2. We tackle two mysteries. First, human brain size tripled since the start of the Pleistocene.
Why?
3. Second, today, we consume huge quantities of plant substances with few nutrients but many secondary compounds.
Why?
4. A standard story of encephalization (which we endorse) is that brain expansion was fueled by a high-quality diet, but hunting was also cognitively demanding, selecting for greater cognitive abilities.
5. We argue, however, that fighting pathogens was also cognitively demanding (as I'll explain below), and that pathogen pressure shifted, and perhaps increased with the increase in carnivory in Homo c. 2.6 mya. This was another selection pressure for encephalization.

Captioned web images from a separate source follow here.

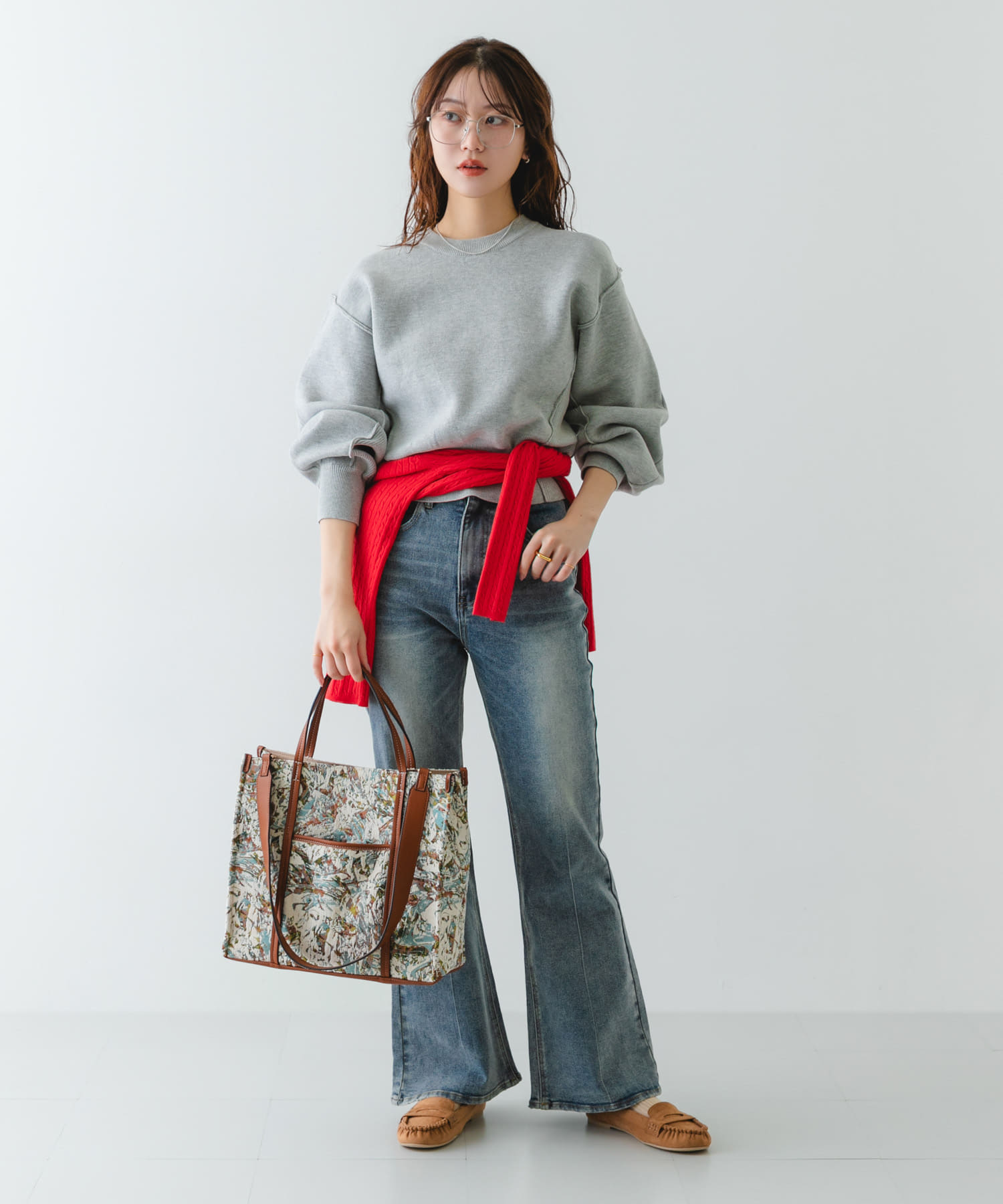 ファブリックスクエアトートバッグ IVORY One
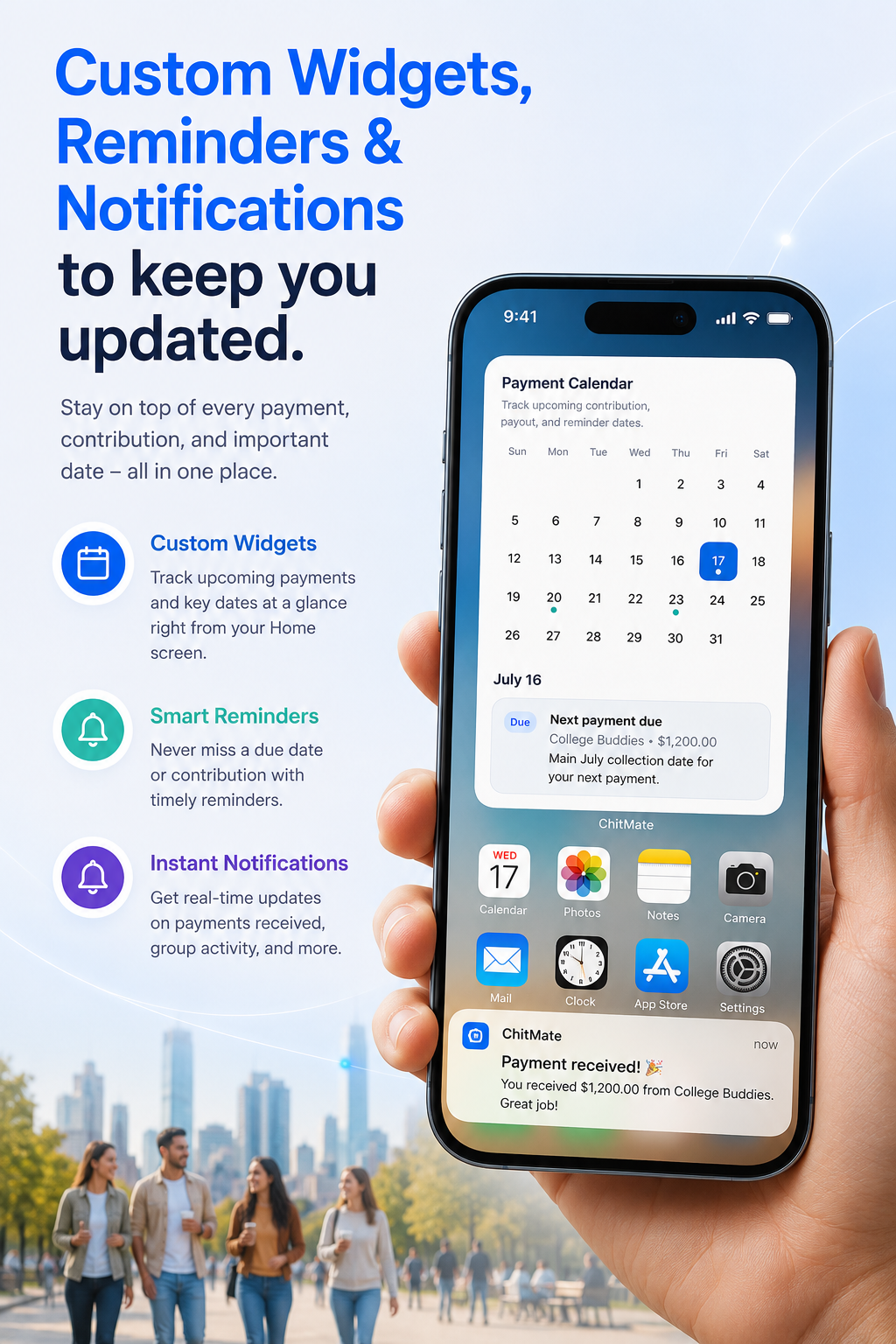ChitMate widgets and notifications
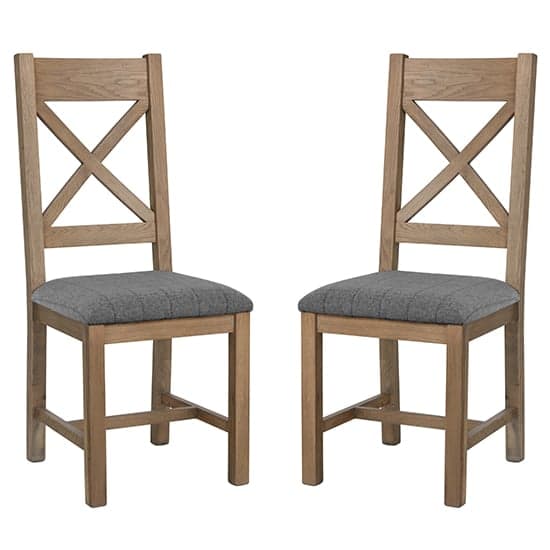 Hants Oak Cross Back Dining Chairs With Grey Seat In Pair_1
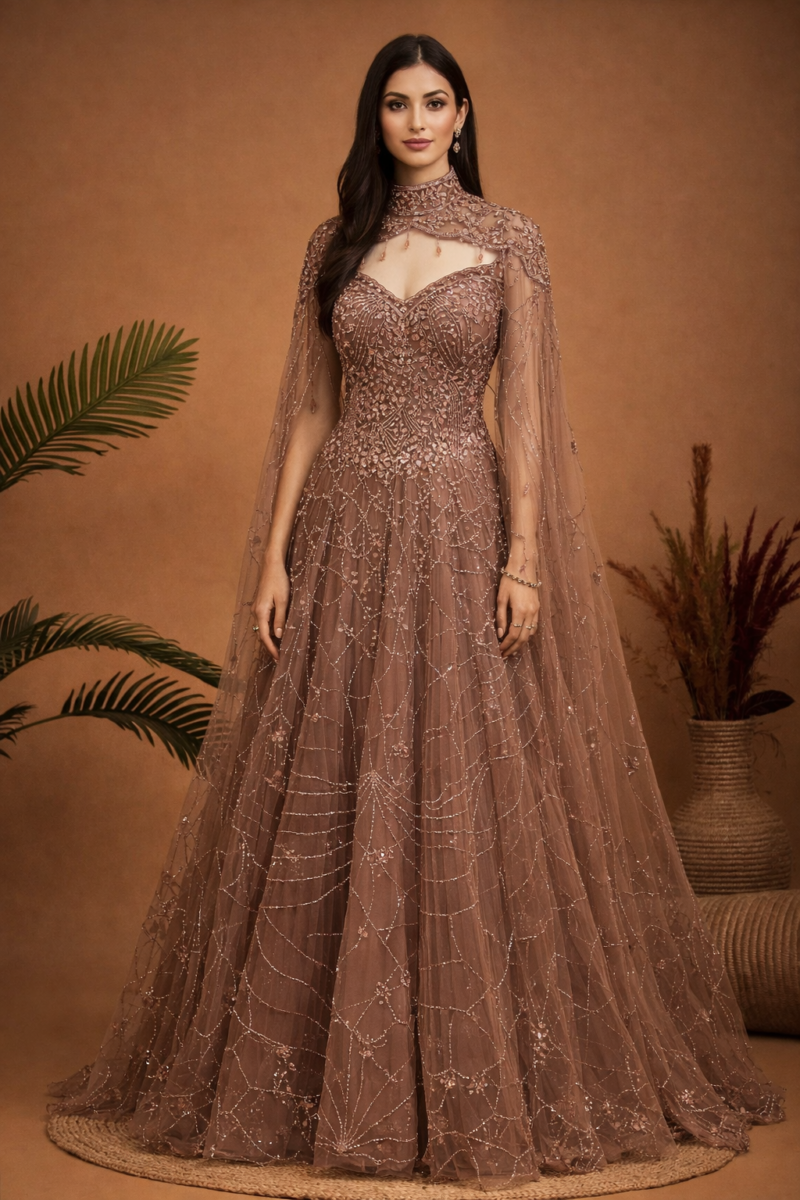 Elegant Embroidered Net Gown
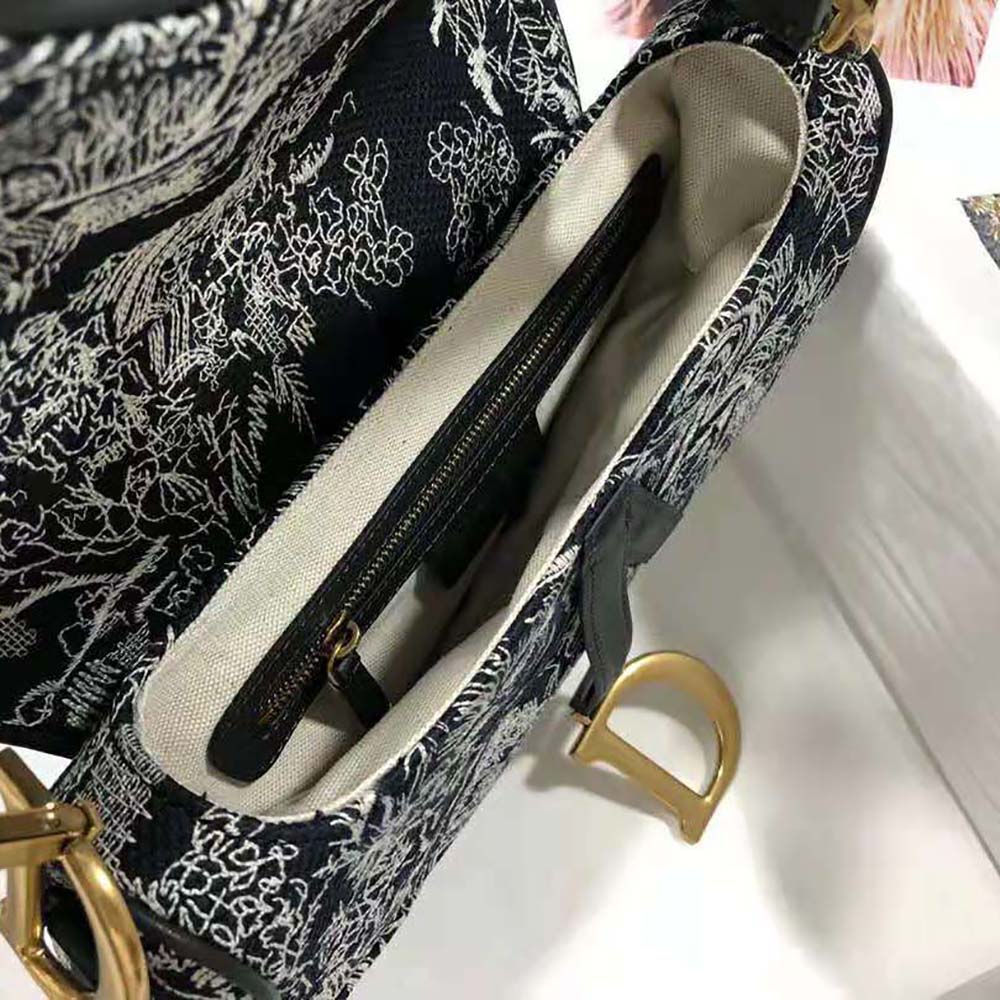 Dior Women Saddle Bag Toile DE Jouy Reverse Jacquard-Black
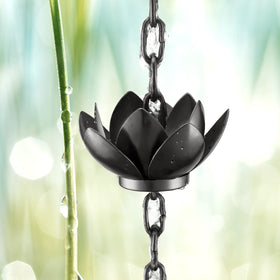 Oak Leaf rain chain creates soothing water-drip ambience while draining gently.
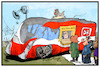 Cartoon: Bahn-Entschädigungen (small) by Kostas Koufogiorgos tagged karikatur,illustration,cartoon,koufogiorgos,bahn,entschädigung,passier,reisende,verspätung,zugausfall,db,zug,verkehr,infrastruktur,kunde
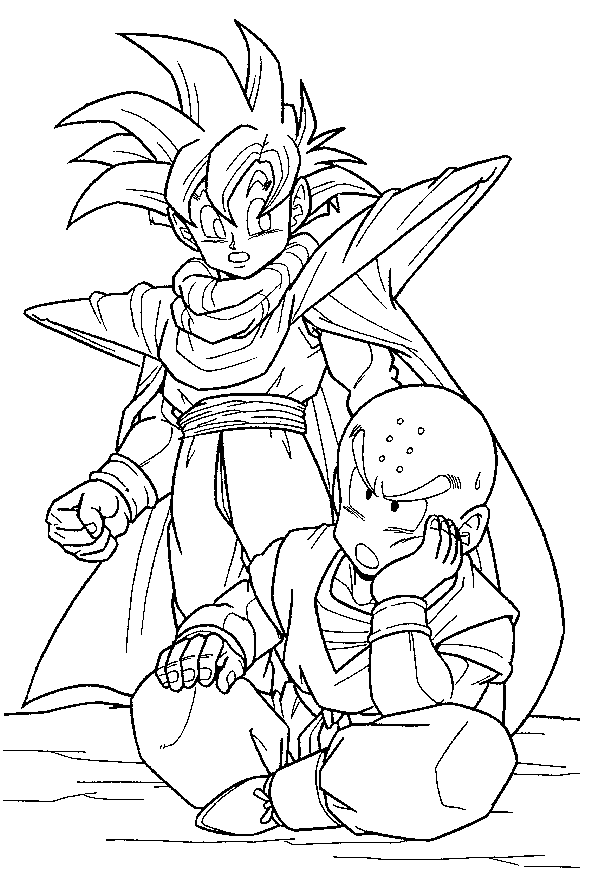 Gohan e Crilin disegno da colorare Dragon Ball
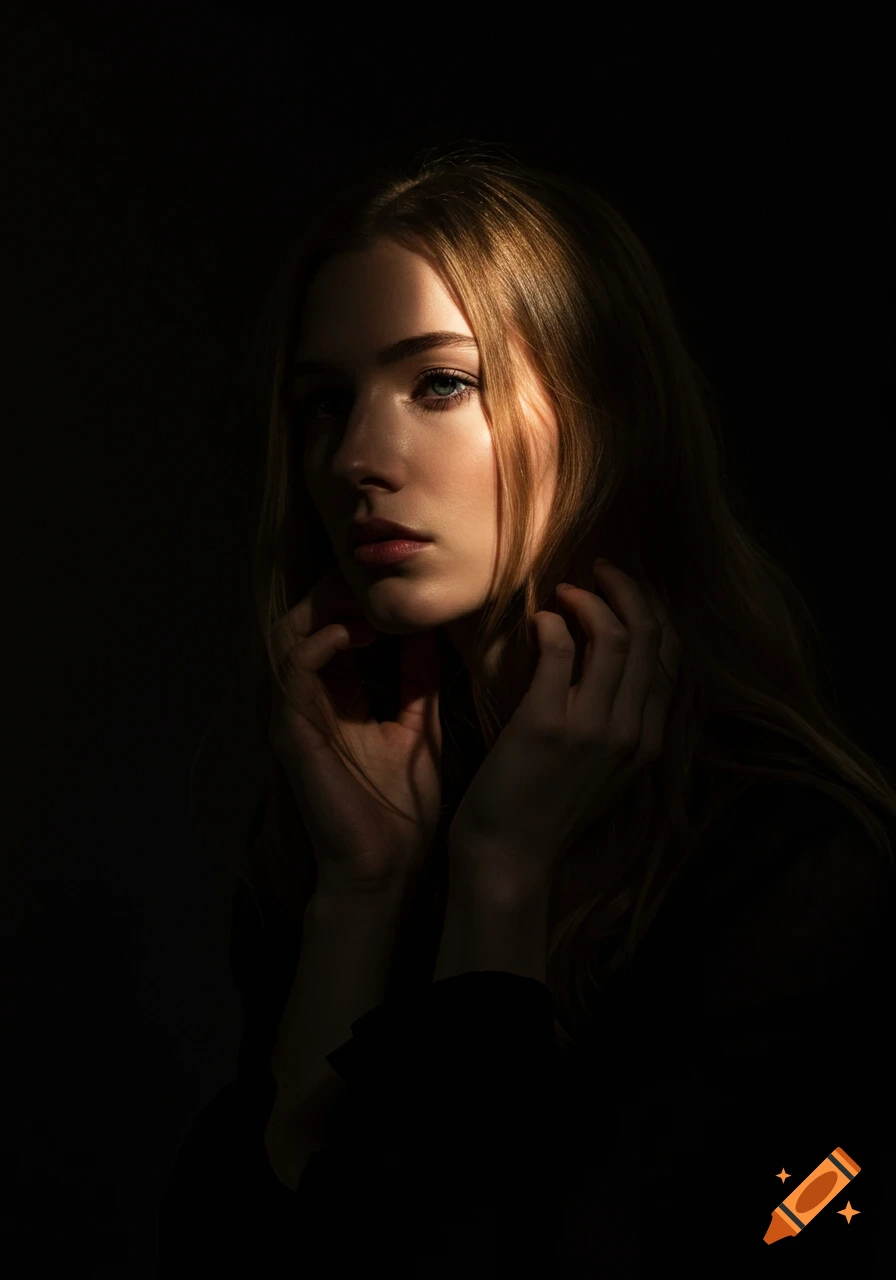 Dramatic portrait of a young woman, partially lit with golden light, with a serious expression and hands near her face.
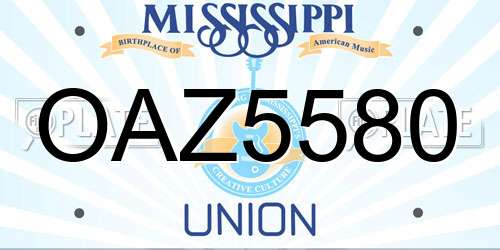 OAZ5580 Mississippi License Plate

6. We (and many others) propose that the transition to carnivory, which increased the quantity of meat in the diet (@HermanPontzer@bendormiki@BrianaPobiner), lowered the barriers to zoonotic pathogen spillover
7. Today, most human infectious diseases originate in non-human animals -- spillover. Unlike plants, mammalian prey are infected with pathogens that can often infect humans (plant foods can be contaminated with animal feces, but plant pathogens rarely infect humans)
8. Today, hunting is a major risk factor for spillover, both in commercial hunters...
9. ...and in hunter-gatherers
10. There is also evidence of Plio-Pleistocene zoonotic spillovers into the human lineage
11. Did the shift to carnivory shift pathogen pressure? Newly emerging pathogens are poorly adapted to the new host -> infect tissues that are v. harmful to us, eg nervous system but don't support onward transmission. Did Homo need new strategy to defend against brain infections?
12. Pathogen pressure might also have *increased* in Homo. Newly emerging viruses have wide range of case fatality rates, which on average are higher than those of endemic viral infections.
More spillover -> selection for new pathogen defense strategies in Homo?
13. Increase in body size, range size, and longevity in Homo might also have increased investment in immunity (but lower population density and decreased polygyny might have decreased it)
14. If carnivory shifted/increased pathogen pressure in Homo, there should be evidence of immune divergence compared to chimps, and there is: humans have low stomach pH, diff CMAH/SIGLEC biology, extreme sensitivity to LPS @JF_Brinkworth, diff salivary proteome @gokcumen & more
15. Our bodies seem to recognize that animal foods pose a pathogen threat -- they increase inflammatory responses -- whereas plant foods are often anti-inflammatory (perhaps because they are anti-infective) @JoeAlcockMD
16. We argue that increased immune investment against increased zoonotic pathogen pressure also involved increased cognitive abilities. Shamans and healers are often highly respected for their knowledge and intelligence
17. The local flora provides thousands of potentially anti-pathogen pharmaceutical compounds that healers must master
18. There is also considerable evidence that spices have positive health effects against infectious and other diseases
19. There is also considerable evidence that traditional medicine offers real benefits. In a survey of the ethnographic record, we found evidence for prestigious teachers @JoHenrich, feared diviners @mnvrsngh, and efficacious healers @adlightner
20. Final argument: how to defend the brain from increased zoonotic disease? Psychotropic drugs! They cross the blood-brain barrier, are toxic to many parasites, and can therefore treat infections of the CNS.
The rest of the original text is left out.